Nothing but the pictures should be left out when the entries below are duplicated.

## DATA SHOWN:
BEGIN

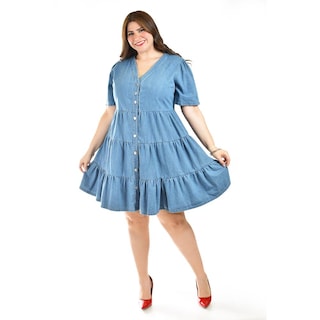 Foto 5 | Vestido De Mezclilla Con Botones Roman Fashion /tallas Extras, 3831 (mezclilla Medio) Azul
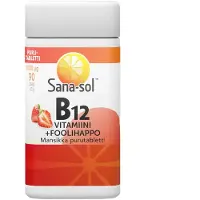 Sana-Sol B12-vitamiini+Foolihappo Mansikka purutabletti
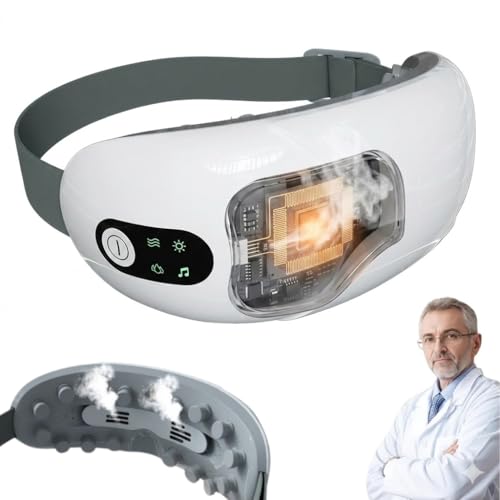Beminda Steam Eye Therapy Pro - 16 Bionic Massage Nodes Steam Eye Mask for Dry Eyes - Smart Nano Mist Eye Steamer with Heat Vibration & Music - 4 Modes Adjustable Eye Spa (1PCS)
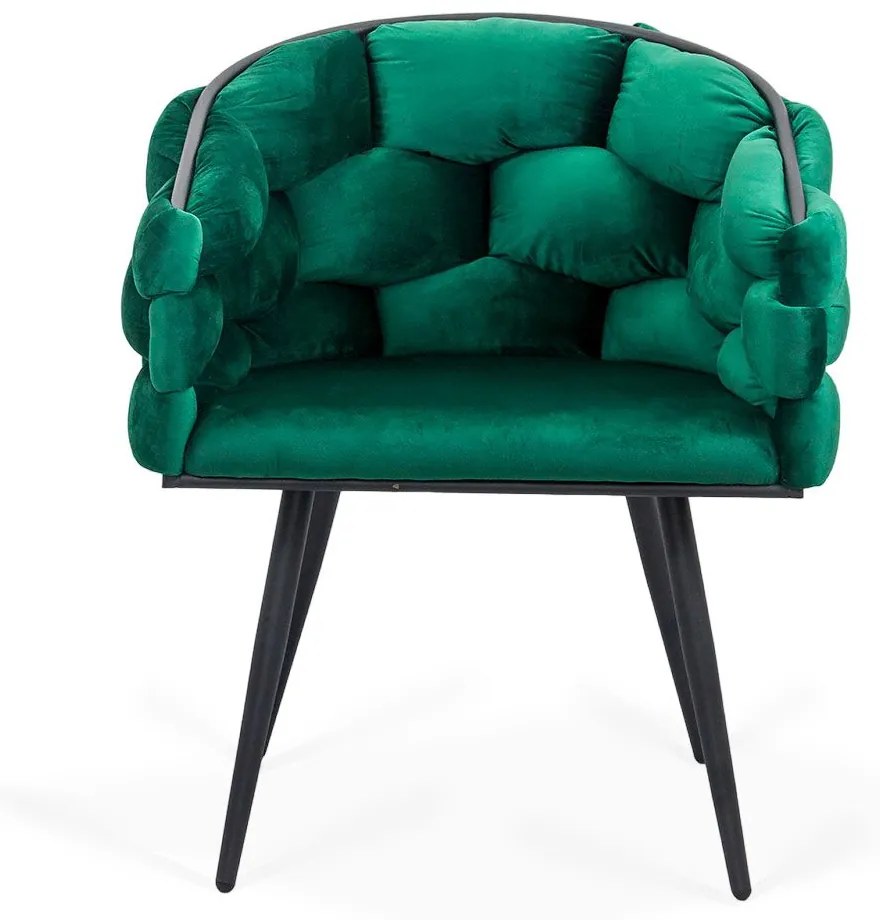 Scaun living modern din catifea si cadru metalic BUC 256 verde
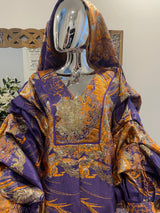 Purple orange floral and gold African Damask bubu boubou dress with pleated sleeves and headpiece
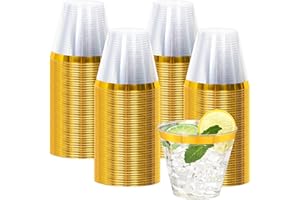 100 Pcs Gold Plastic Cups,9Oz Gold Rimmed Plastic Cups,Heavy Duty Gold Rim Clear Disposable Plasitc Cocktail Tumblers Wine Cu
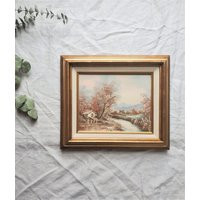 Vintage Original Landscape Painting, Lakeside Framed Artwork, Stretched Canvas Art, Artist Signed | Etsy (US)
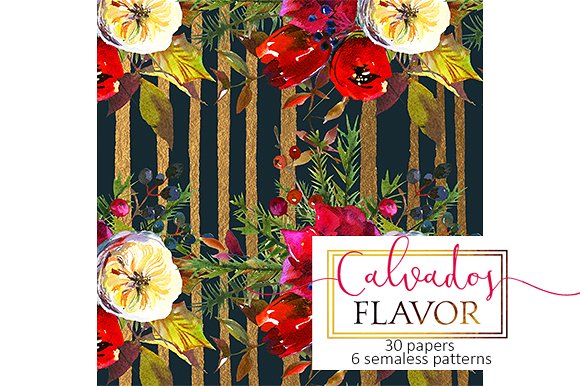圣诞花饰纸张图案纹理素材 Christmas floral paper pattern pack插图(16)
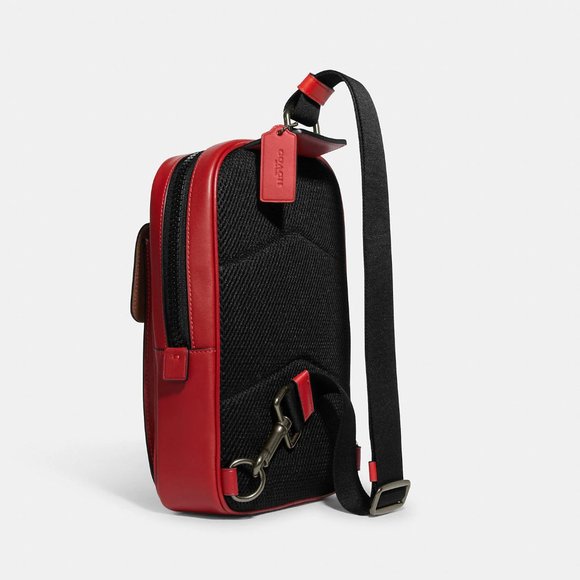 Coach Track Pack In Colorblock Signature Red Brown - Picture 3 of 11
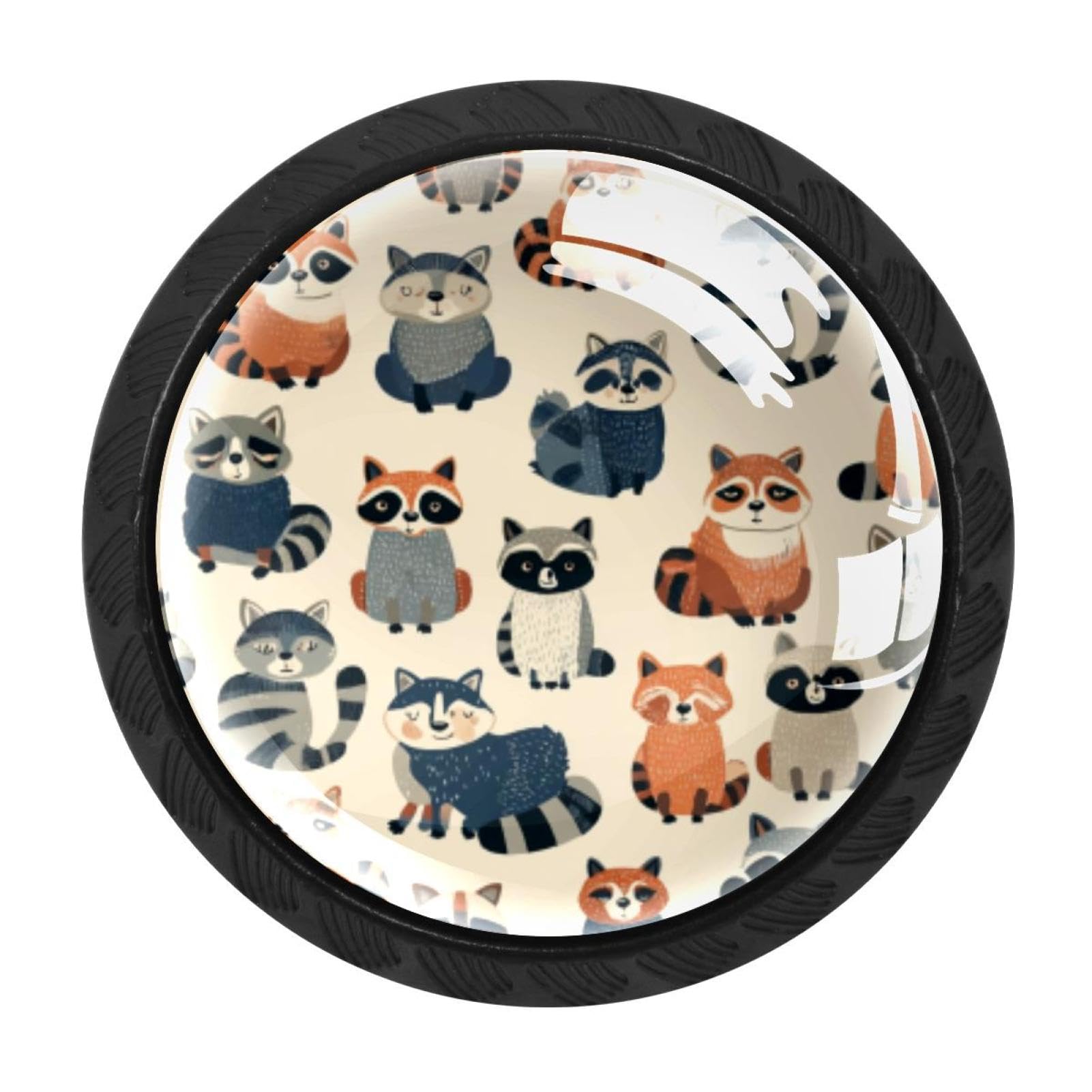 CHENZZZZ 4 Pieces Raccoons Pattern (2) Drawer Knobs, 35mm Black Cabinet Knobs, Drawer Pulls and Knobs, Dresser Drawer Knobs, Cabinet Hardware Kitchen Cabinet Knobs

END

## ANSWER:
 Foto 5 | Vestido De Mezclilla Con Botones Roman Fashion /tallas Extras, 3831 (mezclilla Medio) Azul
 Sana-Sol B12-vitamiini+Foolihappo Mansikka purutabletti
Beminda Steam Eye Therapy Pro - 16 Bionic Massage Nodes Steam Eye Mask for Dry Eyes - Smart Nano Mist Eye Steamer with Heat Vibration & Music - 4 Modes Adjustable Eye Spa (1PCS)
 Scaun living modern din catifea si cadru metalic BUC 256 verde
 Purple orange floral and gold African Damask bubu boubou dress with pleated sleeves and headpiece
 100 Pcs Gold Plastic Cups,9Oz Gold Rimmed Plastic Cups,Heavy Duty Gold Rim Clear Disposable Plasitc Cocktail Tumblers Wine Cu
 Vintage Original Landscape Painting, Lakeside Framed Artwork, Stretched Canvas Art, Artist Signed | Etsy (US)
圣诞花饰纸张图案纹理素材 Christmas floral paper pattern pack插图(16)
 Coach Track Pack In Colorblock Signature Red Brown - Picture 3 of 11
 CHENZZZZ 4 Pieces Raccoons Pattern (2) Drawer Knobs, 35mm Black Cabinet Knobs, Drawer Pulls and Knobs, Dresser Drawer Knobs, Cabinet Hardware Kitchen Cabinet Knobs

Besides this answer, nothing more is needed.